Nothing but the lines from the one with "Lead with the" through the end of the listing should be reproduced, each exactly and with pictures omitted.
Top of SOURCE MATERIAL
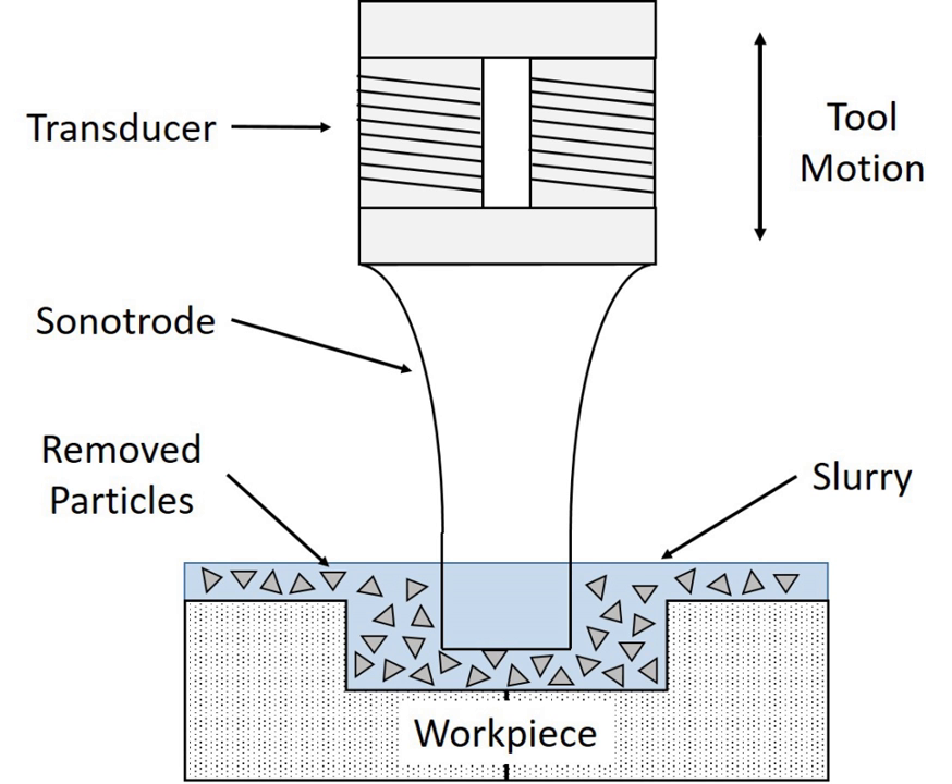The magnetostrictive transducer consists of a cylinder of ferromagnetic material such as steel inside a coil of wire. Magnetostriction is an effect which causes a material to change shape slightly when a magnetic field through it changes. The alternating current from the control unit, applied to the coil, creates an alternating magnetic field in the magnetostrictive cylinder which makes it change shape slightly with each oscillation, causing it to vibrate. The transducer vibrates the sonotrode at low amplitudes and high frequencies.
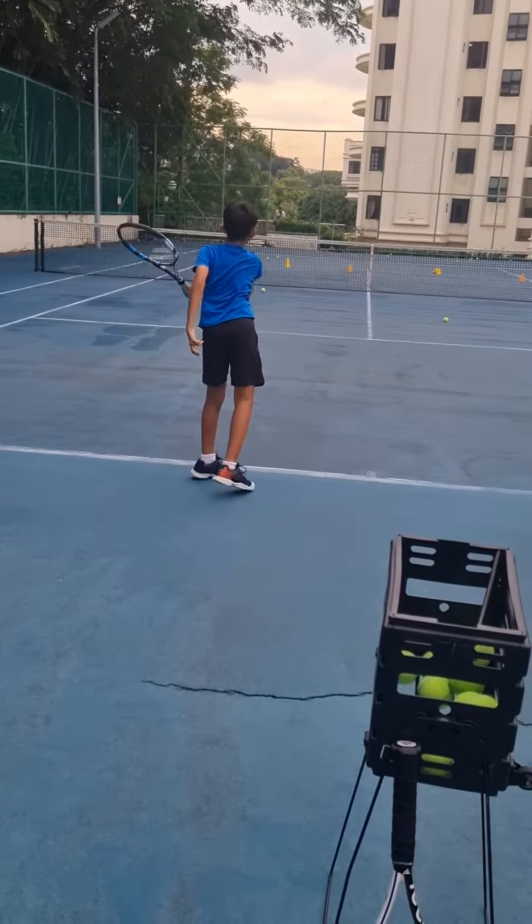Lead with the elbow. Other side, do it. Yes. Good — you watch it, good.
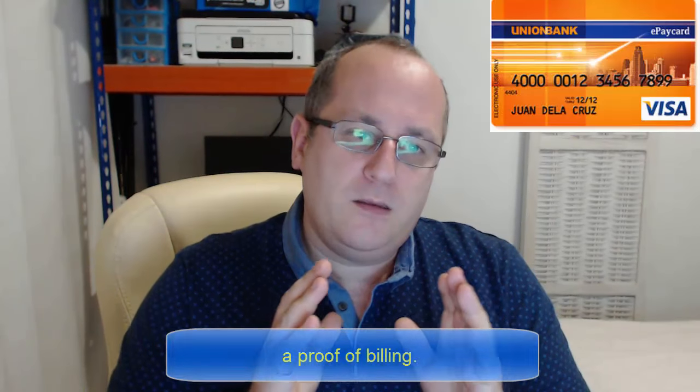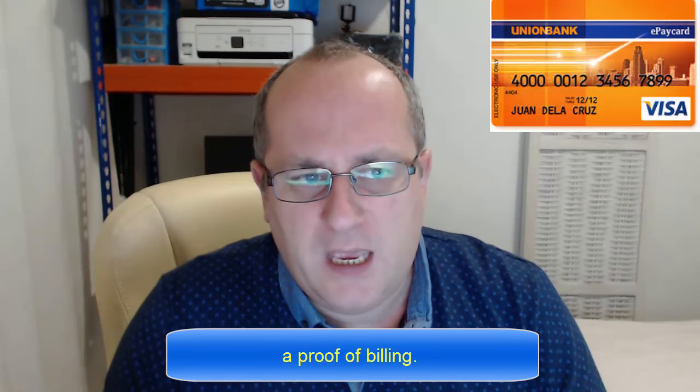The advantage is it costs 350 a year, but it's a very flexible card because you can do most of it online. In fact, it's designed for online banking. You could do internal transfers in the Philippines, you can send remittances to it from overseas. It's cheap and cheerful.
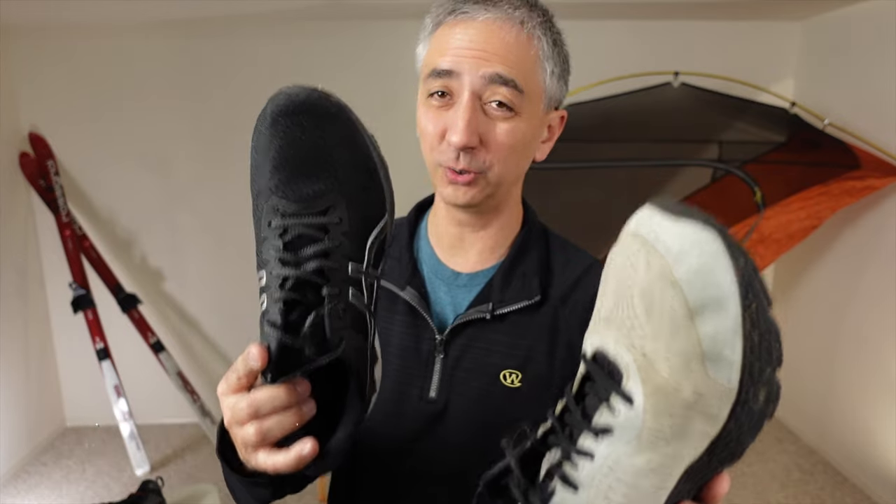In this video, I'm going to share with you how to add ice traction to your running shoes super cheap, to prevent slipping, falls, and injuries when you're in icy locations.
Bottom of SOURCE MATERIAL
=== REPLY TO THE TASK ===
Lead with the elbow. Other side, do it. Yes. Good — you watch it, good.
The advantage is it costs 350 a year, but it's a very flexible card because you can do most of it online. In fact, it's designed for online banking. You could do internal transfers in the Philippines, you can send remittances to it from overseas. It's cheap and cheerful.
In this video, I'm going to share with you how to add ice traction to your running shoes super cheap, to prevent slipping, falls, and injuries when you're in icy locations.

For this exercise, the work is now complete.